ROGER KIMBALL: ‘Art’ and the Pathology of our Age.
And then there was the student at the Ontario College of Art and Design who, in 1996, pushed his own boundaries with an “artwork” that consisted of him vomiting on paintings by others, a Piet Mondrian in New York and a Raoul Dufy at a museum in Ontario.
The truth is that, rhetoric to the contrary notwithstanding, there is nothing new or “challenging” about the “artists” who populate the trendy precincts of contemporary art. All their “shocking” moves were long ago pioneered by Marcel Duchamp and his fellow Dadaists. Indeed, Marcel Duchamp mapped out both large domains of the pseudo-avant-garde. When Duchamp took objects from everyday life — a bottle rack, a snow shovel—and impishly exhibited them as works of art, he pioneered the entire genre of art-as-banality. When he exhibited a urinal as a sculpture, he twitted the more delicate sensibilities of an earlier age with exactly the same sort of naughty schoolboy outrage that (to take but one example) Tracey Emin’s sordid exhibitionism recycled, lo, these many years later. (Pardon, that’s Dame Tracey Emin to you. Yes, really.)
What our latter-day Dadaists have accomplished is simply the domestication and routinization of the avant-garde. They preserve the gestures but lack the spirit. They pretend to be “challenging” or “transgressing” conventional boundaries, but all such boundaries were long ago erased. Far from guying conventional taste, today’s self-styled avant-garde are today’s conventional taste. The only thing these “artists” challenge is our patience. It is a melancholy, not to say tiresome, spectacle. What it says about our culture is partly depressing, partly anger-inducing. The really breathtaking feature of the thing is that these “artists” actually seem to believe they are brave aesthetic and existential pioneers. It’s contemptible, yes, but also quite sad. Curiously, this is something that Duchamp himself recognized when his impish gestures became celebrated by the art world. “I threw the bottle rack and the urinal into their faces as a challenge,” Duchamp noted contemptuously, “and now they admire them for their aesthetic beauty.”
Assuming the BBC didn’t go full Michael Moore and staged this scene, you knew the war in Afghanistan was doomed when our betters thought that Duchamp’s style of modernism was something vitally important to teach to young women there: Money Down The Toilet In Afghanistan, that time when progressive US colonialists tried to enlighten Afghans by teaching them about the glories of Dadaist art.
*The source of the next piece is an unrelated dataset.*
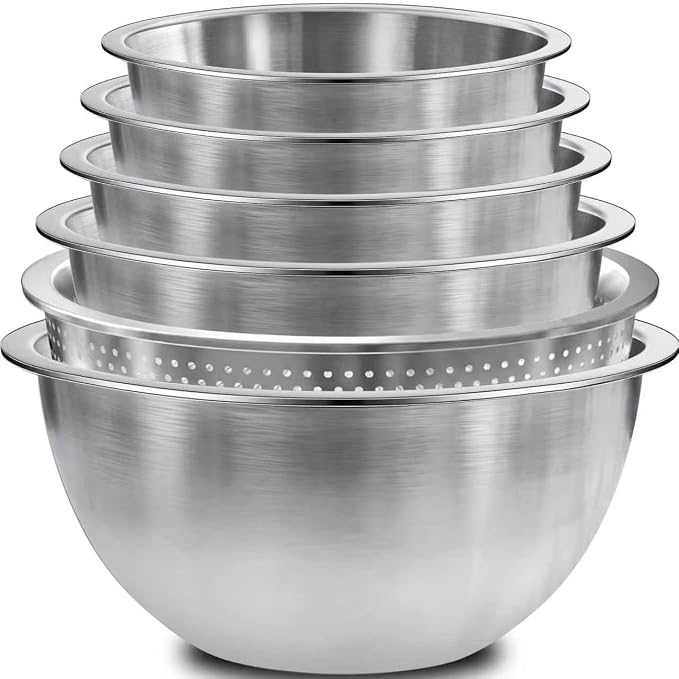 DUTZUN Stainless Steel Mixing Bowls with Colander | 5 Mixing Bowl with 1 Strainer for Kitchen, Salad, Prep, Serving, Food Storage & Cooking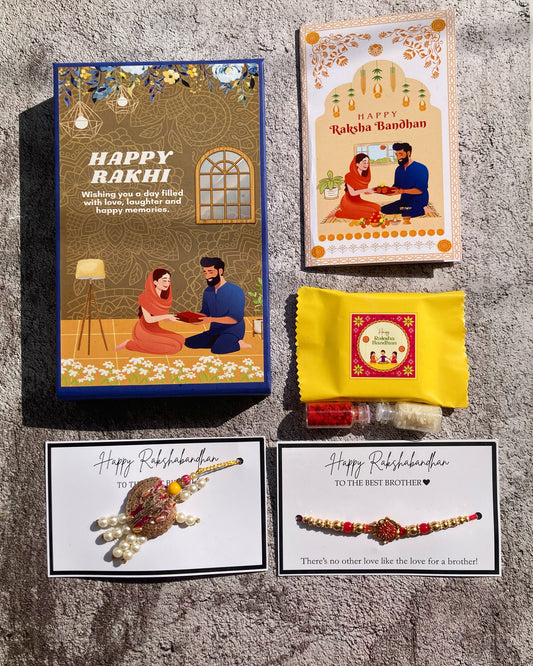 Bhai and Bhabhi Rakhi | Magnetic Gift Box, Chocolate, Card, Roli & Chawal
Cockburn dredges up something so horrible and hilarious that it’s straight out of a Monty Python sketch. In it, the American occupiers attempt to enlighten a group of Afghan women by showing them Marcel Duchamp’s famous urinal-as-museum-piece, and telling them that it’s important art. Cockburn says watch to the 31-second point and see the moment when America failed in Afghanistan:
https://youtu.be/wdrvpSfJM1w?si=bsn2Ie6tsshKp89c
As original Saturday Night Live writer Anne Beatts famously said, “You can only be avant-garde for so long until you become garde.”